Shelton’s passion for winning, improving his own game and bringing those around him up to his level paid immediate dividends for Damien.

The Spartans posted a 31-5 overall record during Shelton’s junior campaign, reaching the CIF Southern Section Open Division quarterfinals and CIF State Division Southern Regional semifinals as Shelton stuffed the stat sheet, averaging 22 points, seven rebounds, five assists and three steals a game.

This season, Shelton has the Spartans sporting a 20-5 record as the playoffs near and Damien is on the fringe of the eight-team Open Division field. Shelton is again posting stellar numbers scoring 25.5 points per game to go along with five rebounds, five assists and three steals.

“I do think that it’s infectious when we can get guys in the gym who have that kind of mentality,” LeDuc said of Shelton’s ability to raise the program’s level of drive and determination. “There’s competition for everything and our guys strive on competition.
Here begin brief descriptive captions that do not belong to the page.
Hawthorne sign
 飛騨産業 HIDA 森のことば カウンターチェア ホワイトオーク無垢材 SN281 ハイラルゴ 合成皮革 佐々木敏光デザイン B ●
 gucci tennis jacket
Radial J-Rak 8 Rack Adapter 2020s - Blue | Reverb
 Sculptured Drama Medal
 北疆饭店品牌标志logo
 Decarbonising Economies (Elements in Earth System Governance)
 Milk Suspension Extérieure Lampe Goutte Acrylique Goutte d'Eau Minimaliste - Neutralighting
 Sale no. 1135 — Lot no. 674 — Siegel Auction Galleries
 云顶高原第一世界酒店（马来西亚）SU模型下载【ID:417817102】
I think he leads that on our team.”

Still, despite posting a 115-16 overall record so far as a high school varsity player, and producing game-in and game-out at the highest levels of high school and club competition, Shelton was recruited lightly at the Division I level. He signed with Northern Arizona in the fall even though many thought he should have been recruited at a much higher level.

Some of the questions surrounding Shelton’s game were and are still things like: what position will he play at the next level? Does he handle it well enough to be a point? Does he shoot it well enough to be a two guard?

But instead of those doubts making Shelton revert back to the immature kid who would’ve let them get inside his head in a negative way, the grounded senior is using them to light a bigger fire underneath him.

“I’m going to play with a chip on my shoulder no matter what,” he said. “I’m always going to come out and play hard whether I went to the top school or to the lowest school, because that work ethic never goes away.”